Perhaps, no other ministry has hurt India’s economic revival as much as the ministry of environment and forests (MoEF).
Ostensibly espousing a noble cause, apparently promoting inclusive growth, it has actually turned the law on its head. The MoEF has trampled on development plans and industrial development, including mining.
And nowhere is this more evident than in the MoEF’s tacit support to a resolution by 12 gram panchayats (village councils) to exclude all mining activity within a 150 km radius from the hilltop of Niyam Raja, the presiding deity of the tribals in that region.
The panchayats claimed that “the entire Niyamgiri hill range is sacred for us and the source of our livelihood”.
Intriguingly, the MoEF, which pushed the tribals’ cause in the first place, has chosen to remain silent. It possibly does not even comprehend what a 150-km radius means, and the implications such a move could have on the entire nation. If that is true, it should be disbanded on ground of incompetence.
A 150-km radius translates into 70,000 square km. Compare this with the geographical spread of some of the most sacred places in the world.
Vatican city, for instance, accounts for barely 0.4 sq km. The holiest of shrines for Muslims, Masjid al-Haram, which contains the venerated Kaaba, is spread over just 0.4 sq km. Tirupati city, not just the temple, accounts for 24 sq km.
This is despite the host countries having a lower population density per sq km than India. Is the MoEF stark raving mad?
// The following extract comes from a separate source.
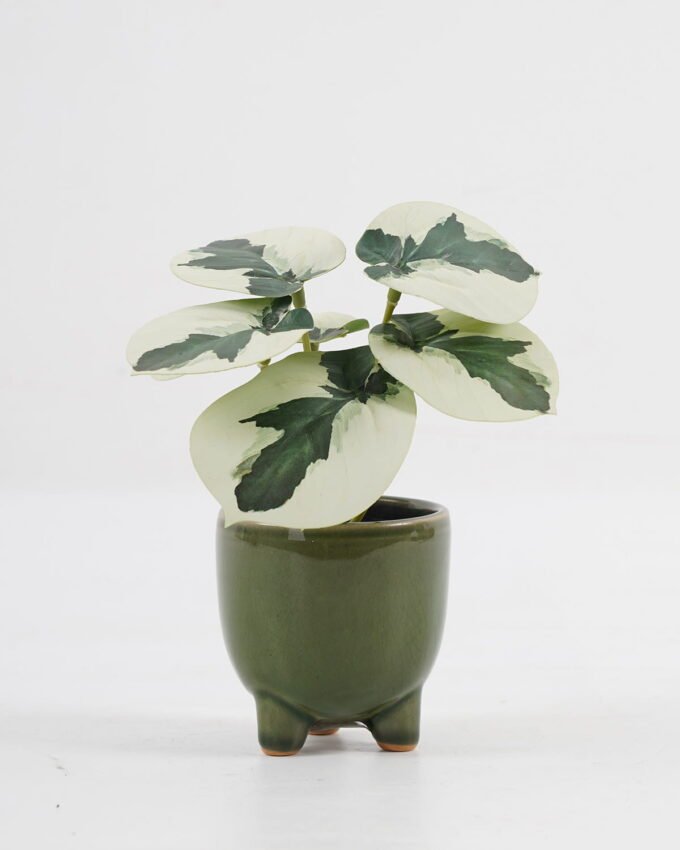 Artificial Table Plants 15*12*16cm Taro in ceramic pot GS-03323108-G2 Potted Flowers&Plants YeahFlower is one of Chinese leading OEM manufacturers and exporters , supplying the silk flowers, wholesale artificial trees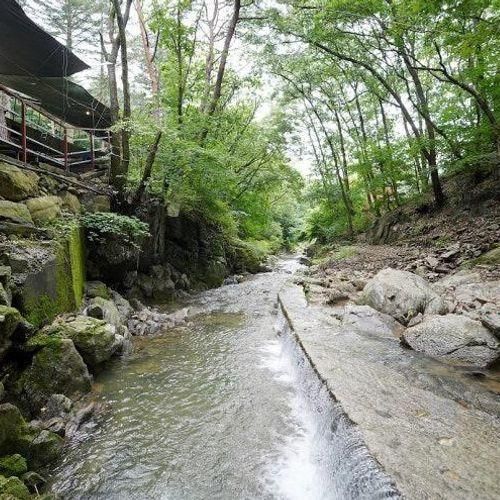 경기도 계곡 평상 백숙 시원한 장흥계곡식당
Consider the implications. A tribe, settled along the banks of the Ganges or the Yamuna, can now claim that “the entire river is sacred for us and the source of our livelihood”. So, do we ban cities along the banks, or scrap the Ganga and Yamuna expressways? What if another tribe that dwells near the Himalayas echoes similar views and claims that the “entire mountain range is sacred for us and the source of our livelihood”? No sane government would buy such an argument.
So, are the members of the MoEF insane? Or, is there a hidden agenda?
True, the panchayats were held on the direction of the Supreme Court (SC) through its order dated April 18, 2013. But the SC had also directed the MoEF to take a final view on the issue of forest clearance of the project taking into consideration the proceedings of the village councils. Instead, the MoEF’s silence suggests that it wants to ratify this preposterous demand.
Sadly, even the SC was possibly swayed by the MoEF, when the latter demanded that the tribals’ views should be taken into account. The ministry had relied on another SC order judgment (Union of India v. Rakesh Kumar, (2010) 4 SCC 50).
But that judgment related only to minor minerals [That judgment states: tribals’ views “be made mandatory prior to grant of prospective licence or mining lease for minor minerals in the Scheduled Areas”]. The present case relates to bauxite for making aluminium, a major mineral.
The MoEF was probably making a vexatious use of the legal process by playing this last-minute gambit in October 2010 to thwart the mining company (Vedanta/Sterlite) from proceeding with its mining plans. It was after the SC had given its detailed judgment on the matter on November 23, 2007, after hearing the matter for four years.
This order was further reiterated by the SC through two separate orders, both on August 8, 2008.
The MoEF rejected Sterlite/ Vedanta’s mining proposal on August 24, 2010. The ministry did this after Vedanta/Sterlite had accepted, in 2008, all the conditions for the rehabilitation package laid down by the SC for the tribals and the project affected population.
It was done after the company had already invested around Rs 5,000 crore in its refining unit, and was now keen on integrating it with mining.
As a result, the impoverished people of Kalahandi continue to remain abjectly poor; employment generation has been thwarted; unlocking of national wealth delayed; and economic development tripped. And all this was done by a government that claims to be secular and progressive.